What you need to do: Without the images, reproduce every entry exactly.

Source information:
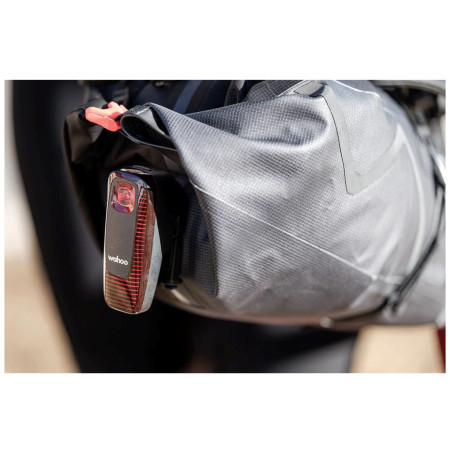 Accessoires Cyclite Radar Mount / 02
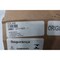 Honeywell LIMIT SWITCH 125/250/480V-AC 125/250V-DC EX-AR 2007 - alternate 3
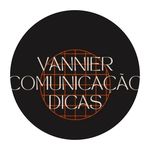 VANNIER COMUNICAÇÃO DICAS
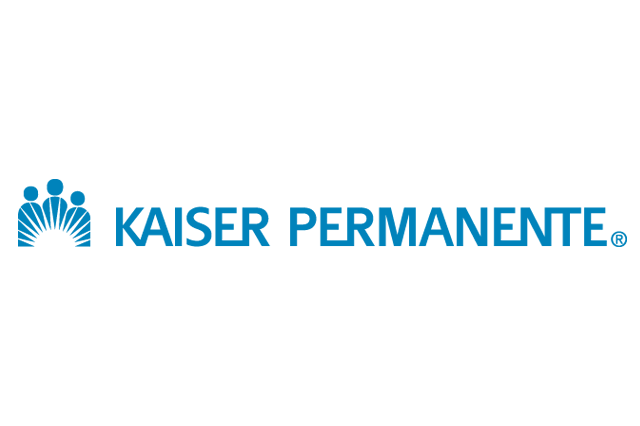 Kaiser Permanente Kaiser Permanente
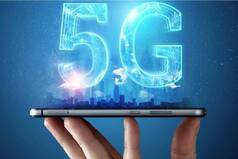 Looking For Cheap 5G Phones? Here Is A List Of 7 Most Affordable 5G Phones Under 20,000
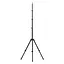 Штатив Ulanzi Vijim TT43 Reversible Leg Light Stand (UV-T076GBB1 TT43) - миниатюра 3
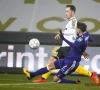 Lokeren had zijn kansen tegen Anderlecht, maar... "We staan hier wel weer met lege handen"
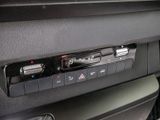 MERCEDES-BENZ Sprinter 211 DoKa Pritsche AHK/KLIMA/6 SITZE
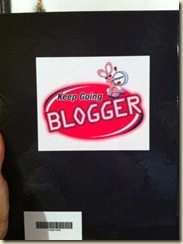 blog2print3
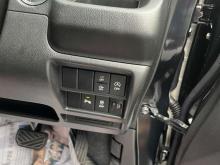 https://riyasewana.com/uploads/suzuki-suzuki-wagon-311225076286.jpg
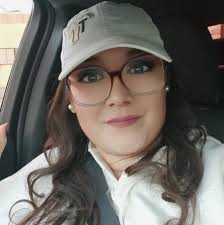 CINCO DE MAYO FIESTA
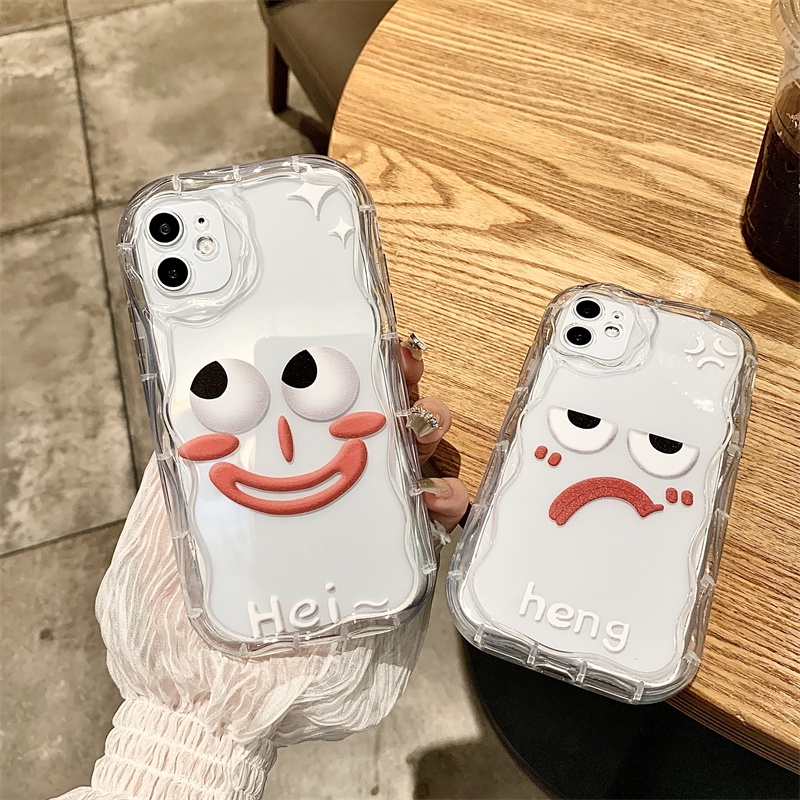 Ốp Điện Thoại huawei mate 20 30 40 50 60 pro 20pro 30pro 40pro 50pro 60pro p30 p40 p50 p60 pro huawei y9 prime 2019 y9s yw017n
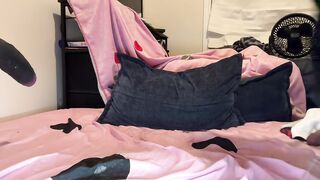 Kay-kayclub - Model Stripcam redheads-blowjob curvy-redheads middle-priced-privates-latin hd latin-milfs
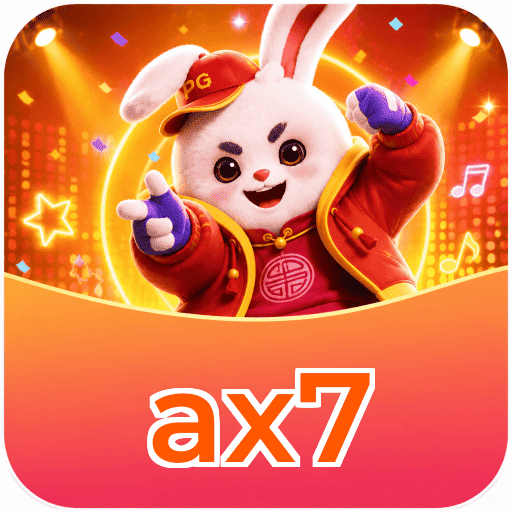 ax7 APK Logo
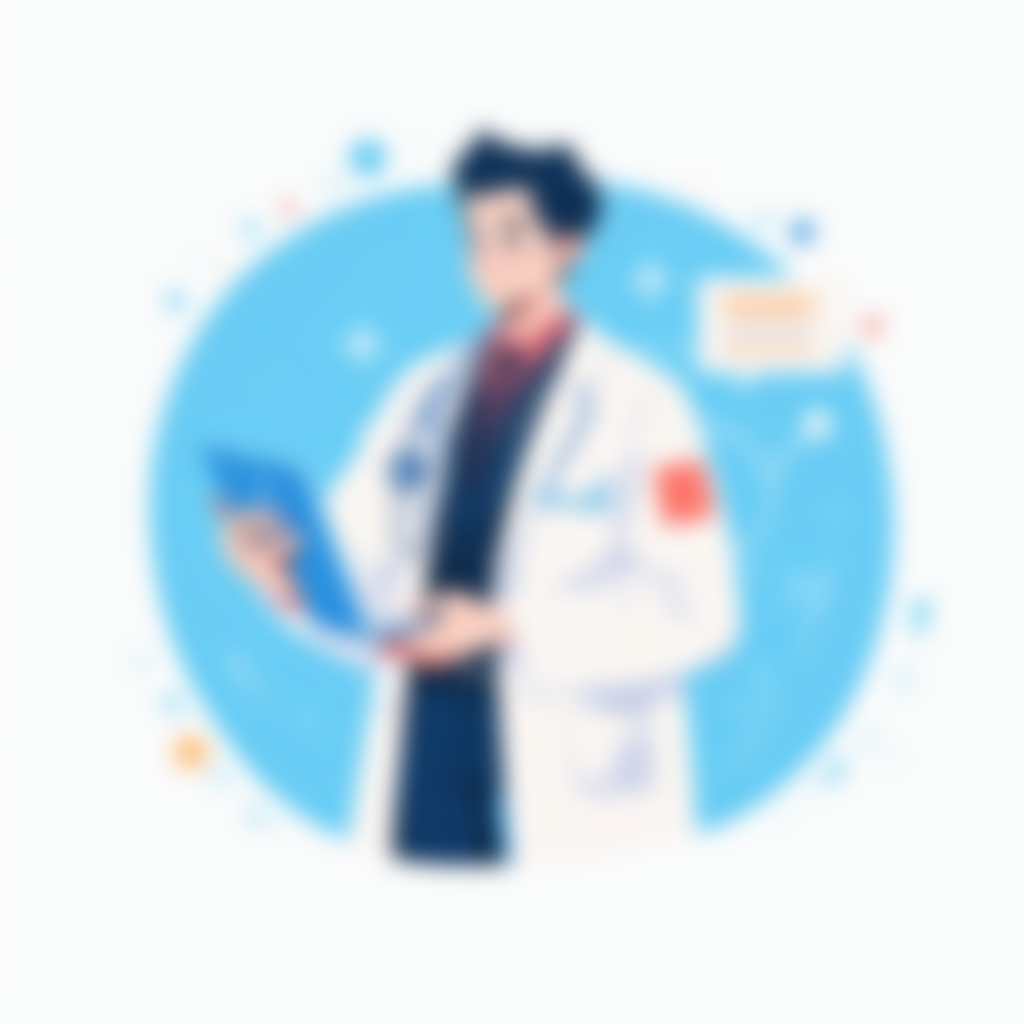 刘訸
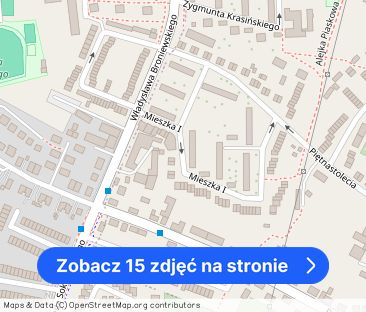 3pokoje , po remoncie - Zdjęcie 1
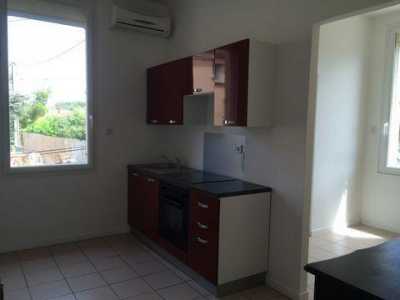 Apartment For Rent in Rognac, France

Reply to the task:
 Accessoires Cyclite Radar Mount / 02
 Honeywell LIMIT SWITCH 125/250/480V-AC 125/250V-DC EX-AR 2007 - alternate 3
 VANNIER COMUNICAÇÃO DICAS
 Kaiser Permanente Kaiser Permanente
 Looking For Cheap 5G Phones? Here Is A List Of 7 Most Affordable 5G Phones Under 20,000
 Штатив Ulanzi Vijim TT43 Reversible Leg Light Stand (UV-T076GBB1 TT43) - миниатюра 3
 Lokeren had zijn kansen tegen Anderlecht, maar... "We staan hier wel weer met lege handen"
 MERCEDES-BENZ Sprinter 211 DoKa Pritsche AHK/KLIMA/6 SITZE
 blog2print3
 https://riyasewana.com/uploads/suzuki-suzuki-wagon-311225076286.jpg
 CINCO DE MAYO FIESTA
 Ốp Điện Thoại huawei mate 20 30 40 50 60 pro 20pro 30pro 40pro 50pro 60pro p30 p40 p50 p60 pro huawei y9 prime 2019 y9s yw017n
 Kay-kayclub - Model Stripcam redheads-blowjob curvy-redheads middle-priced-privates-latin hd latin-milfs
 ax7 APK Logo
 刘訸
 3pokoje , po remoncie - Zdjęcie 1
 Apartment For Rent in Rognac, France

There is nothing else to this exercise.